> **Task prompt**: Would you write out the entries that follow word for word, omitting any images?

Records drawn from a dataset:
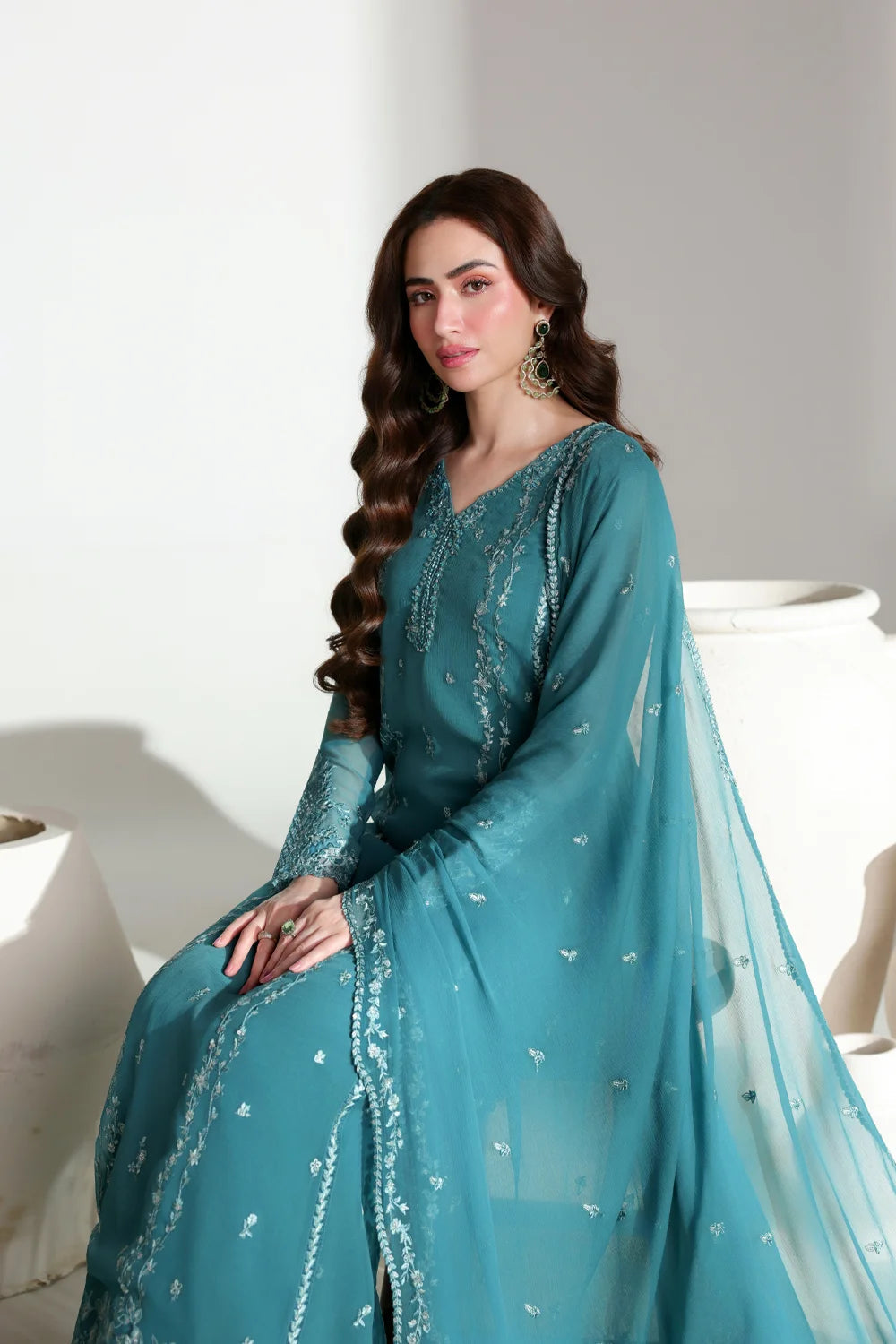 AZURE ENSEMBLES FESTIVE TEAL AFFAIR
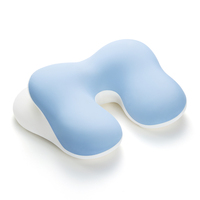 Oreiller de bureau Zeemora 2-en-1 en mousse à mémoire de forme ergonomique avec design aile de nuage pour le travail, le repos et le sommeil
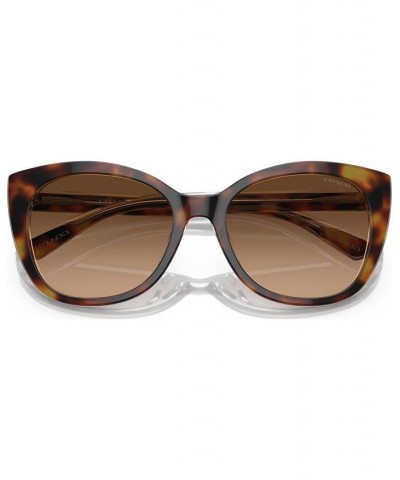 Women's Sunglasses HC8365U55-Y 55 Tortoise/Transparent Beige $31.11 Womens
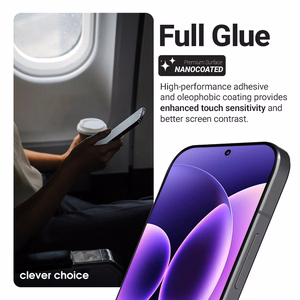 Crong 3D Armour Glass Lite full-adhesive tempered-glass screen protector for Xiaomi 17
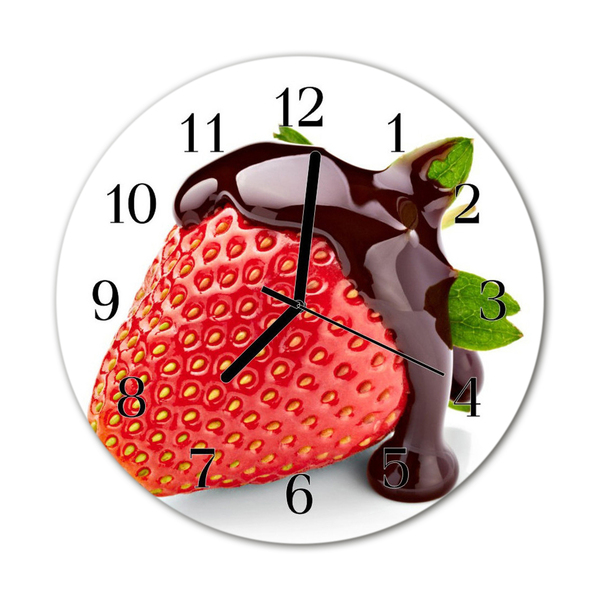 Orologio rotondo Cioccolato alla fragola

> **Solution to the problem**:
 AZURE ENSEMBLES FESTIVE TEAL AFFAIR
 Oreiller de bureau Zeemora 2-en-1 en mousse à mémoire de forme ergonomique avec design aile de nuage pour le travail, le repos et le sommeil
 Women's Sunglasses HC8365U55-Y 55 Tortoise/Transparent Beige $31.11 Womens
 Crong 3D Armour Glass Lite full-adhesive tempered-glass screen protector for Xiaomi 17
 Orologio rotondo Cioccolato alla fragola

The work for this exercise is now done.